2e mouvement:  Pile driver: marteau pilon (échantillon principal, répétitif ) et klaxons. «D’une atmosphère diurne, nous glissons vers une ambiance nocturne, pleine d’angoisse et de violence sourde» P.Lalitte.

 

3e mouvement:   It's been a honeymoon  «c’était une lune de miel» - Can’t take no mo «impossible d’en prendre plus » . Bâtie entièrement sur les rythmes répétés des échantillonneurs: «Au lieu de maintenir les doigts enfonçés sur les touches pour que l’échantillon se déroule dans toute sa durée, le fait de jouer les rythmes en valeurs brèves produit un effet particulier: on n’entend qu’une syllabe ou deux de la phrase. C’est une technique souvent utilisée dans le rap ou la techno». P.Lalitte.
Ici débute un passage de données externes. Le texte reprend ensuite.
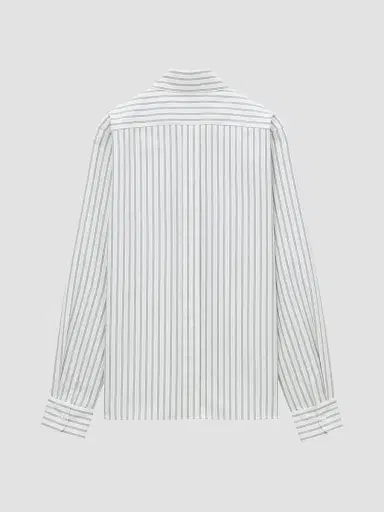 Saint Laurent Men's Cassandre Shirt in Striped Cotton - Craie Taupe Noir | Thumbnail 2 Saint Laurent Men's Cassandre Shirt in Striped Cotton - Craie Taupe Noir | Thumbnail 2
La répétition à l’extrême de ces formules produit une saturation stressante proche de l’effet recherché.

 

4e mouvement:   Heart beats (battements de cœur): on retrouve l’ambiance sombre et sourde du deuxième mouvement. La corne de brume et le balancement du rythme ternaire à 6/8 et 9/8 évoquent le tangage d’un bateau, au port. Le mouvement s’accélère peu à peu dans une atmosphère de panique pour déboucher sur une sorte de climax de l’œuvre:

 

5e mouvement:   Heavy smoke (fumée épaisse). Faisant largement emploi des échantillons vocaux de pompiers et de la police, ce dernier mouvement évoque de par ses citations la panique et la situation d’urgence de l’attentat du World Trade Center (26 février 1993). Le canon initial du premier mouvement réapparaît à la fin donnant une certaine unité à l’œuvre.